Source data
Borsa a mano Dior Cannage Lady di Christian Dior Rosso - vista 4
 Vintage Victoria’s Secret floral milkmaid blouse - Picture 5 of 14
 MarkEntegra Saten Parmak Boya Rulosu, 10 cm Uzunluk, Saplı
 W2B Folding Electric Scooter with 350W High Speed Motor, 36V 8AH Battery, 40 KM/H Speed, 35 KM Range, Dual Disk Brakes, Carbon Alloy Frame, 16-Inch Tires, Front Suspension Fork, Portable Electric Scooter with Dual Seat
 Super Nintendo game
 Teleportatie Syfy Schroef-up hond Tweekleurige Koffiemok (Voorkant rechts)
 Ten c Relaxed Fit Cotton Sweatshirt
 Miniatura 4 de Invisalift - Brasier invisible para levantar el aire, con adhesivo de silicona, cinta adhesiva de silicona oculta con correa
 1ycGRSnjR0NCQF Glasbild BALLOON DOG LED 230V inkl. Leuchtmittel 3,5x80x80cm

» **Task**
Print the records once more, exactly as written.

» **Exercise solution**
Borsa a mano Dior Cannage Lady di Christian Dior Rosso - vista 4
 Vintage Victoria’s Secret floral milkmaid blouse - Picture 5 of 14
 MarkEntegra Saten Parmak Boya Rulosu, 10 cm Uzunluk, Saplı
 W2B Folding Electric Scooter with 350W High Speed Motor, 36V 8AH Battery, 40 KM/H Speed, 35 KM Range, Dual Disk Brakes, Carbon Alloy Frame, 16-Inch Tires, Front Suspension Fork, Portable Electric Scooter with Dual Seat
 Super Nintendo game
 Teleportatie Syfy Schroef-up hond Tweekleurige Koffiemok (Voorkant rechts)
 Ten c Relaxed Fit Cotton Sweatshirt
 Miniatura 4 de Invisalift - Brasier invisible para levantar el aire, con adhesivo de silicona, cinta adhesiva de silicona oculta con correa
 1ycGRSnjR0NCQF Glasbild BALLOON DOG LED 230V inkl. Leuchtmittel 3,5x80x80cm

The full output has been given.